Comme Les Combattants, Le Règne Animal illustre la capacité de Thomas Cailley à jongler entre les styles. Un récit initiatique lorsqu’il se concentre sur l’émancipation du personnage d’Emile, adolescent en pleine construction dans un monde qui change à toute allure; un drame intimiste d’une sensibilité surprenante dans le traitement de la relation père-fils grâce à l’alchimie et au talent de Duris et Kircher; une pincée de comédie souvent hilarante; un soupçon de thriller avec supplément body horror lors de certaines confrontations et transformations; Le Règne animal glisse habilement d’un genre à l’autre tout en préservant avec élégance le fantastique de son sujet grâce à un formidable travail sur les effets spéciaux numériques et les maquillages. Parfaitement crédibles et distillés sans démesure (à l’exception d’une scène aérienne un poil trop démonstrative), ces derniers sont à la hauteur des ambitions du film, et donnent naissance à des créatures criantes de vérité qui s’illustrent dans des scènes d’action très réussies. Mentions spéciales à son introduction brillante, et à une scène de course-poursuite haletante et poétique dans les champs.

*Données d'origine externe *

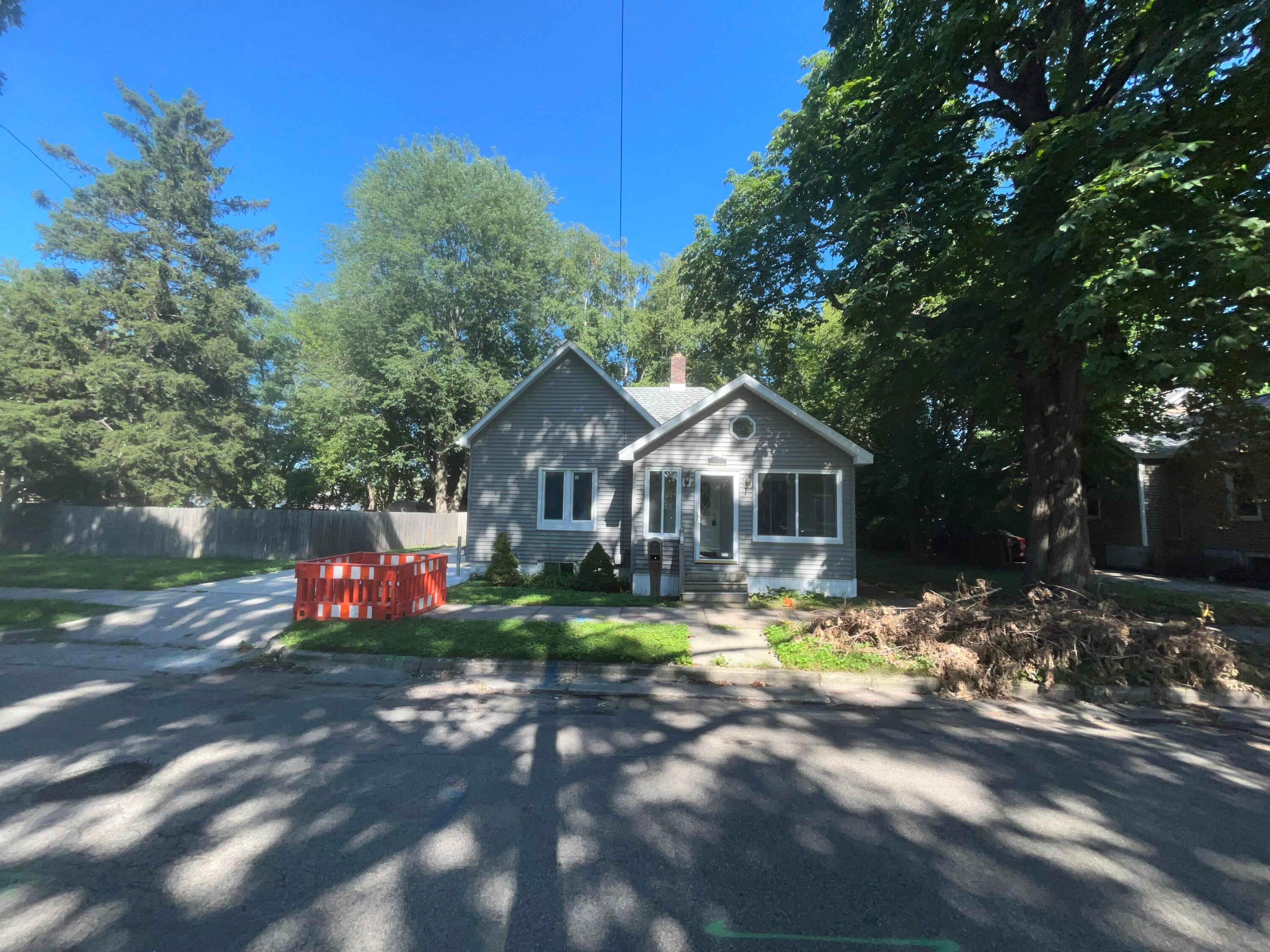 1012 Litchfield Street — photo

À partir d’un exercice d'équilibriste profondément casse-gueule, Thomas Cailley parvient à bâtir du cinéma fantastique cohérent et peu commun dans le paysage francophone. Bien sûr, son film n’échappe pas aux défauts de ses qualités. À force de courir après de multiples thématiques, le cinéaste peine à clôturer son récit, et gaspille un peu le talent de ses interprètes, comme celui d'Adèle Exarchopoulos. Mais pas de quoi chercher la petite bête non plus. Le Règne animal irradie d’une générosité aussi surprenante que réjouissante.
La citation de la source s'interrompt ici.